* Dataset:
======

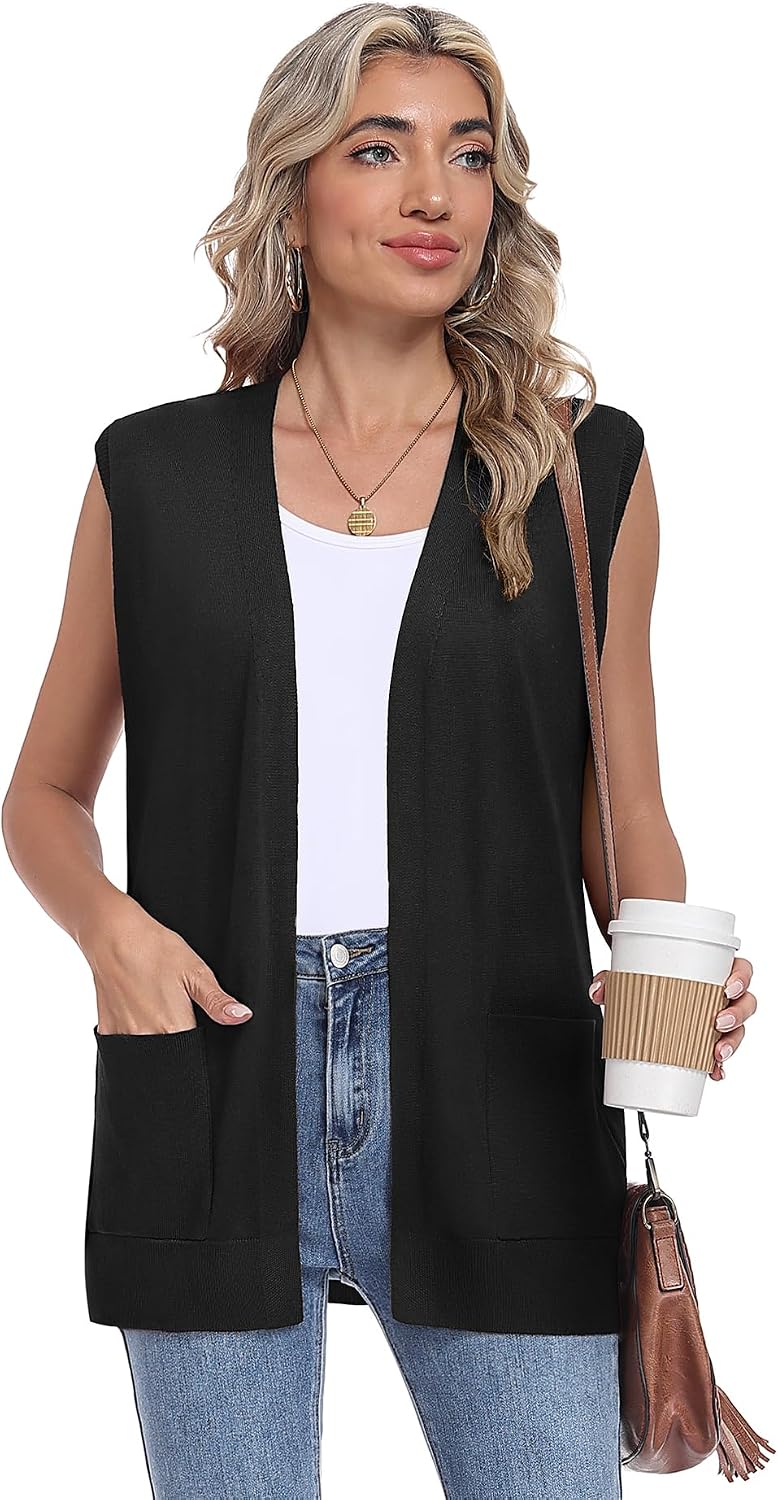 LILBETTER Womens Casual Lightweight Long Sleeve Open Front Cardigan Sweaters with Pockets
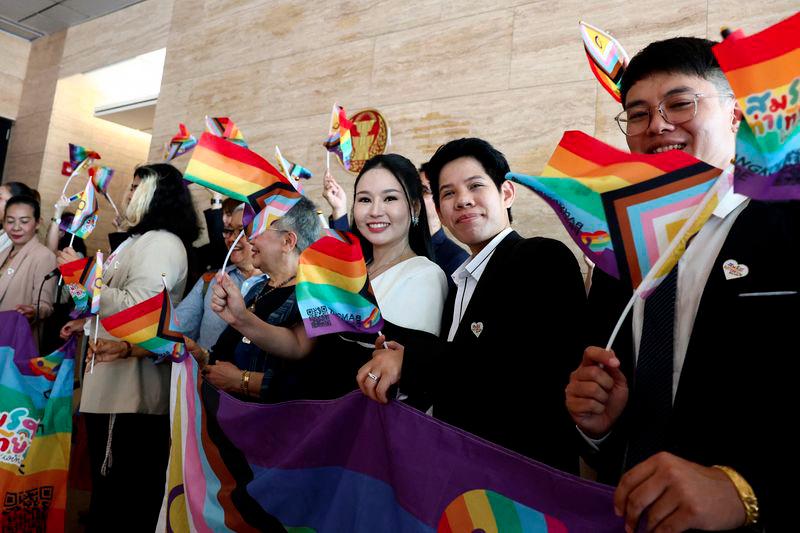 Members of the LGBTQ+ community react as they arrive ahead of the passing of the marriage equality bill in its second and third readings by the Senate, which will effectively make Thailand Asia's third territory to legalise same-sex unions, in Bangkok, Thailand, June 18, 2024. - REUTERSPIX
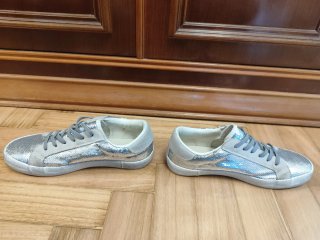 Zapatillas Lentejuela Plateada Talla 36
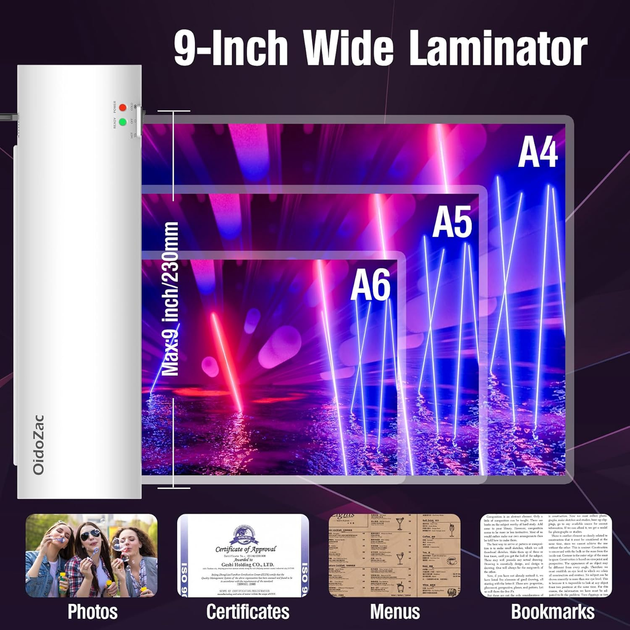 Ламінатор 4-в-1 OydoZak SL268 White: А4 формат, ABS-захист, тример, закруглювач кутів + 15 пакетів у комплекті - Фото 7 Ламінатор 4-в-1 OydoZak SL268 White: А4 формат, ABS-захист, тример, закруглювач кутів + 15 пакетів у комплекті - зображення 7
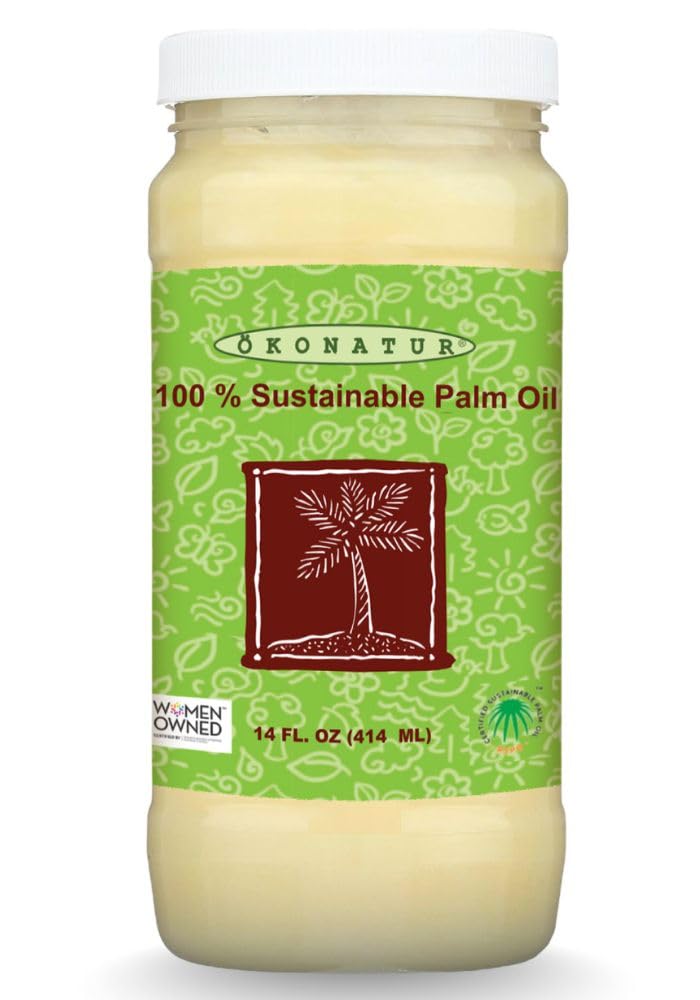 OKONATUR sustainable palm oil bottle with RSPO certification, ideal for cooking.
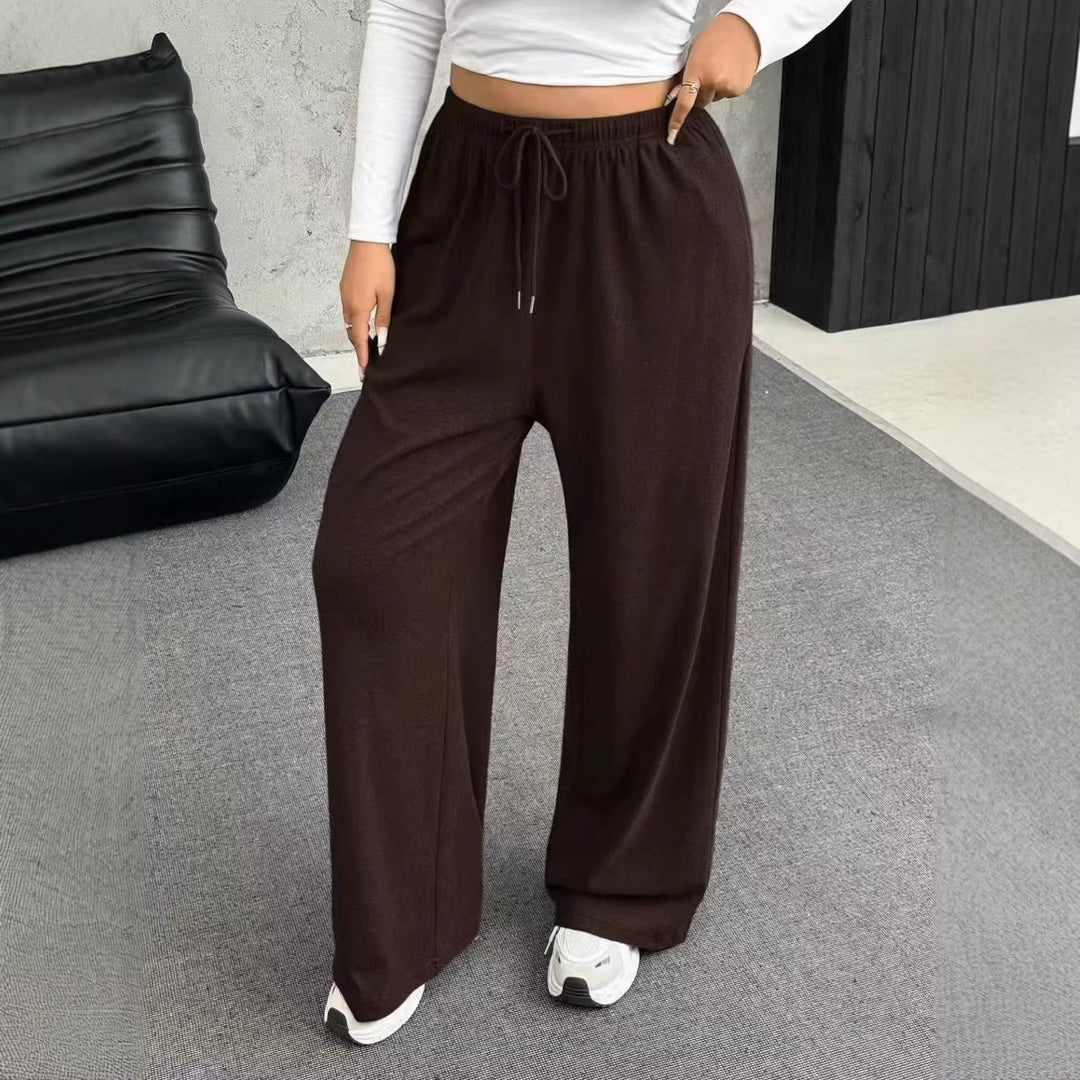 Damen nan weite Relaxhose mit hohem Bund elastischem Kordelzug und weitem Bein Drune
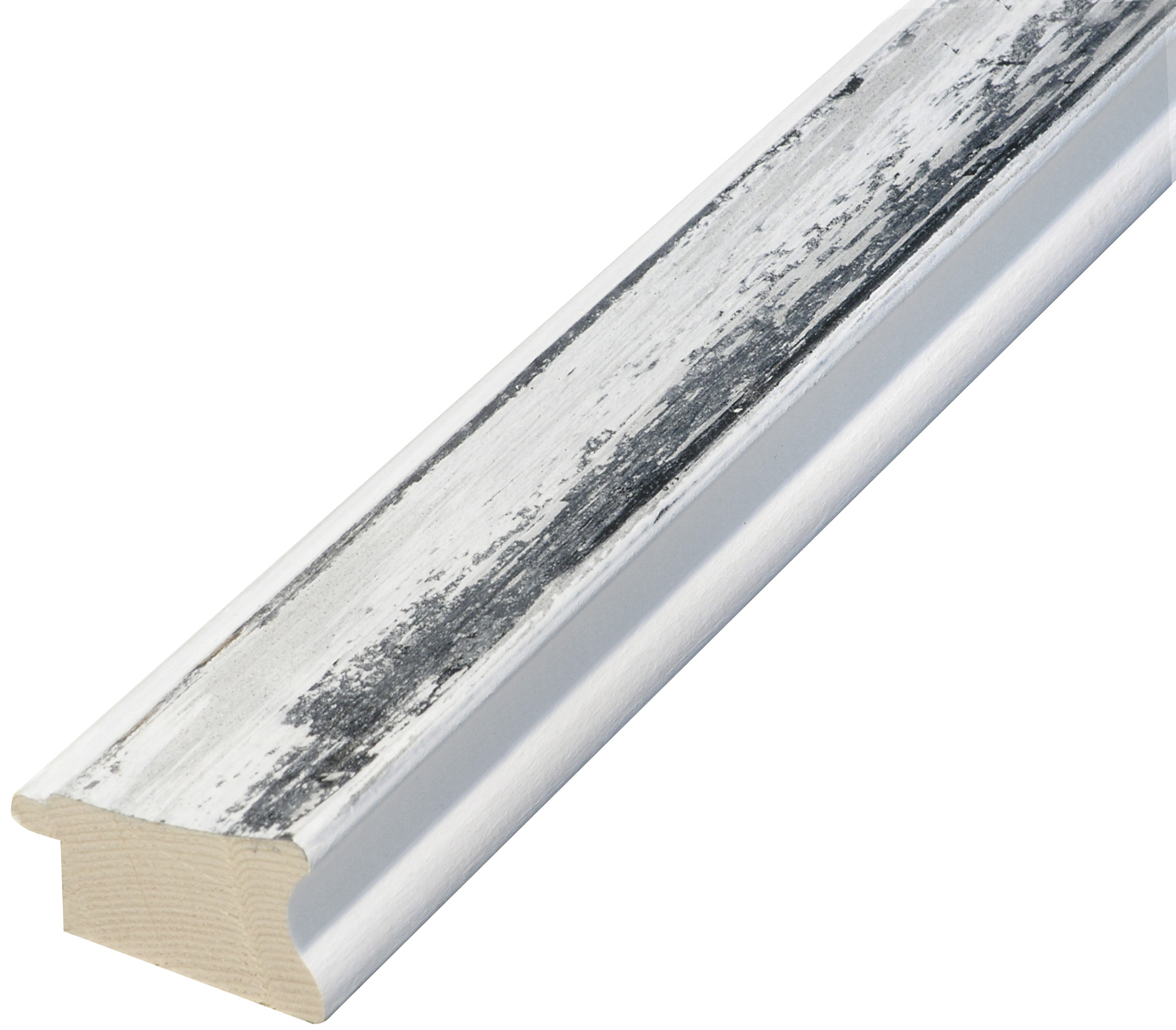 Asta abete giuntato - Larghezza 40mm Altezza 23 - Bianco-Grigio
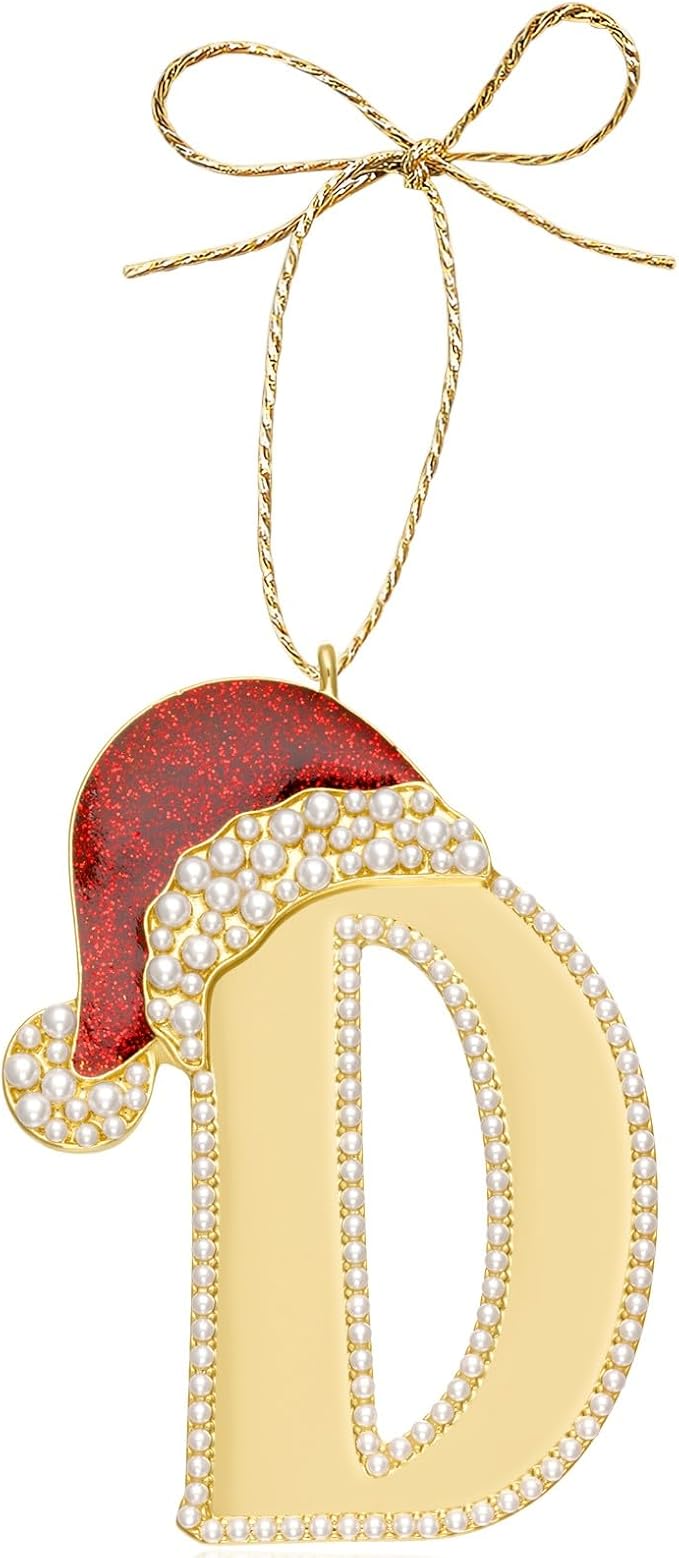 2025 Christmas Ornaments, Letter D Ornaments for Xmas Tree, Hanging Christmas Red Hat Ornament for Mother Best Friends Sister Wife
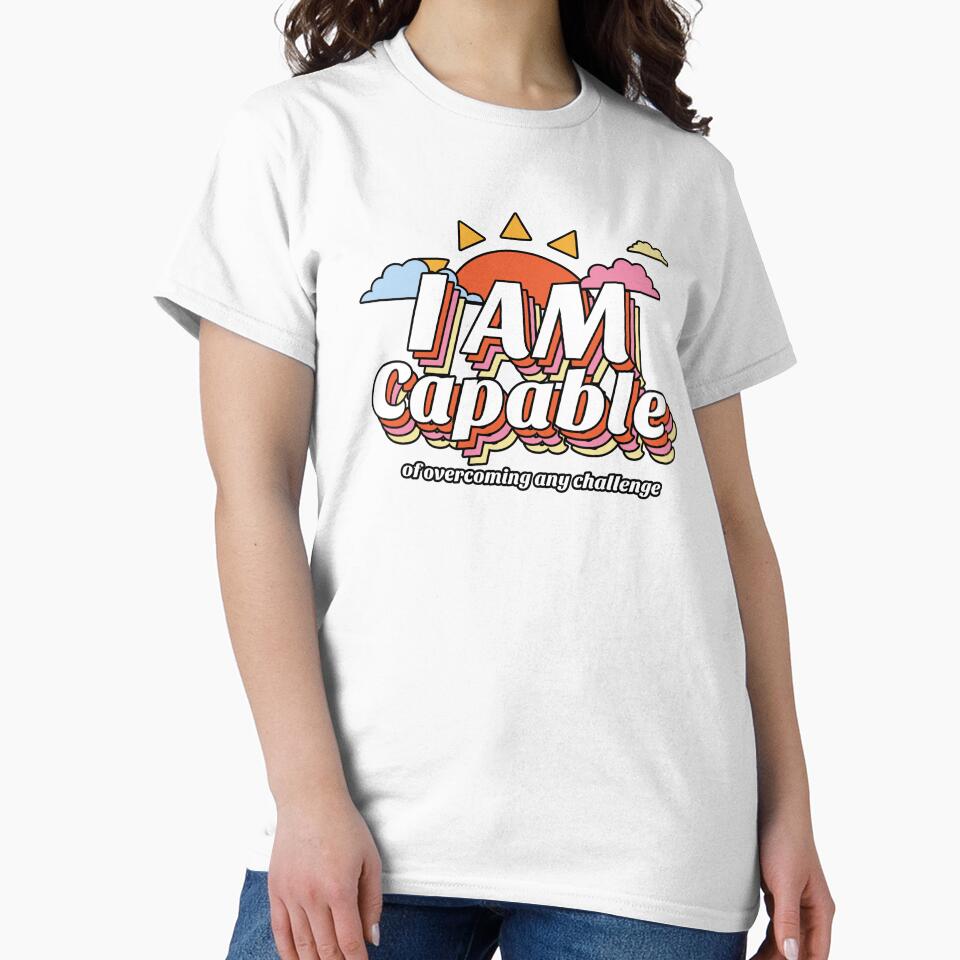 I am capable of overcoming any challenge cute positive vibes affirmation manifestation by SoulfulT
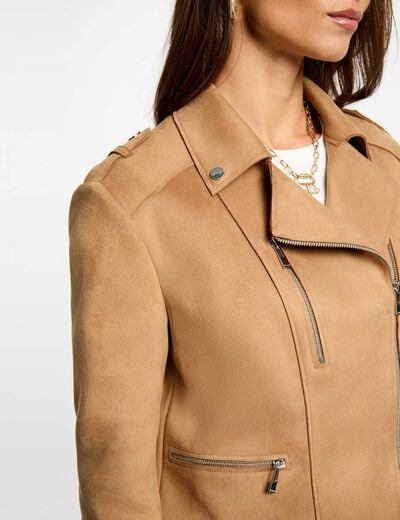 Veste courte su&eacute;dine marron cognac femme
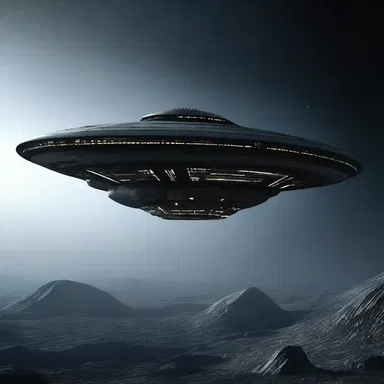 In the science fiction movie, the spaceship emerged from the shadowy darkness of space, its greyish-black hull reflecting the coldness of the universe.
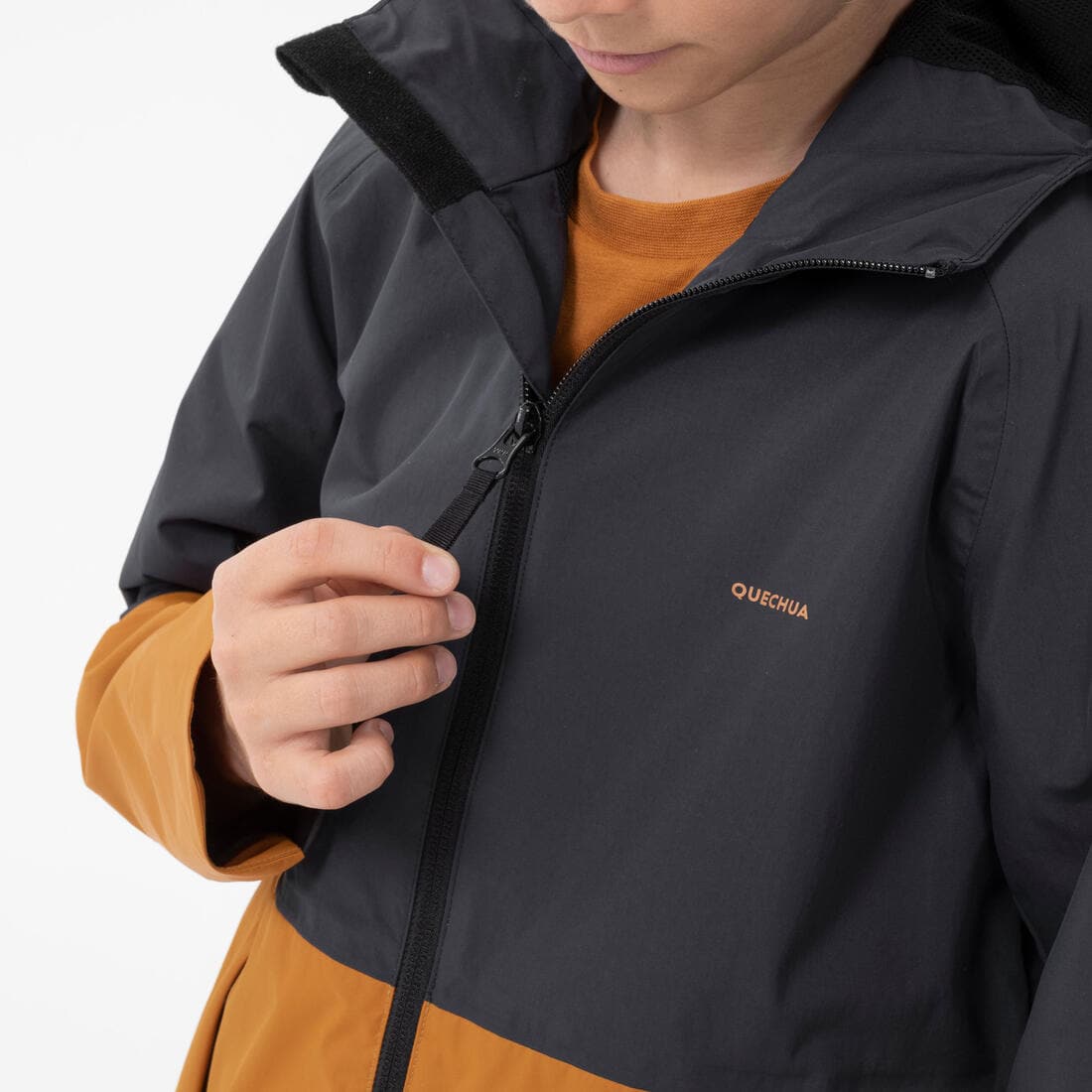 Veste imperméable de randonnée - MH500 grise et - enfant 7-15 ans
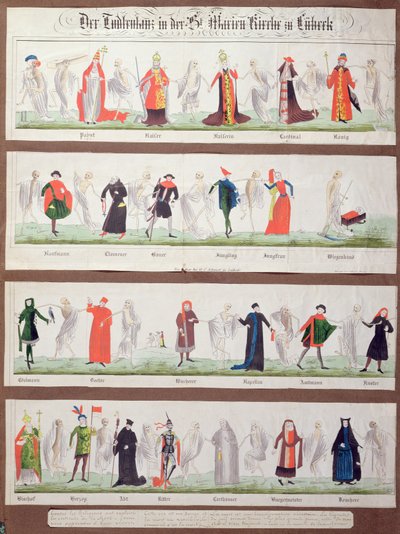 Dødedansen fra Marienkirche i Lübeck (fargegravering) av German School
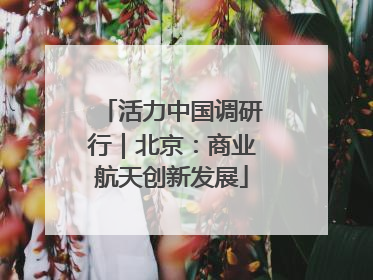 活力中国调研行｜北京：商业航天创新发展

======

* Your instructions: From the first line of the material down to the line containing "OKONATUR sustainable palm", inclusive, return each line exactly, skipping any picture.

* Solution to this problem:
 LILBETTER Womens Casual Lightweight Long Sleeve Open Front Cardigan Sweaters with Pockets
 Members of the LGBTQ+ community react as they arrive ahead of the passing of the marriage equality bill in its second and third readings by the Senate, which will effectively make Thailand Asia's third territory to legalise same-sex unions, in Bangkok, Thailand, June 18, 2024. - REUTERSPIX
 Zapatillas Lentejuela Plateada Talla 36
 Ламінатор 4-в-1 OydoZak SL268 White: А4 формат, ABS-захист, тример, закруглювач кутів + 15 пакетів у комплекті - Фото 7 Ламінатор 4-в-1 OydoZak SL268 White: А4 формат, ABS-захист, тример, закруглювач кутів + 15 пакетів у комплекті - зображення 7
 OKONATUR sustainable palm oil bottle with RSPO certification, ideal for cooking.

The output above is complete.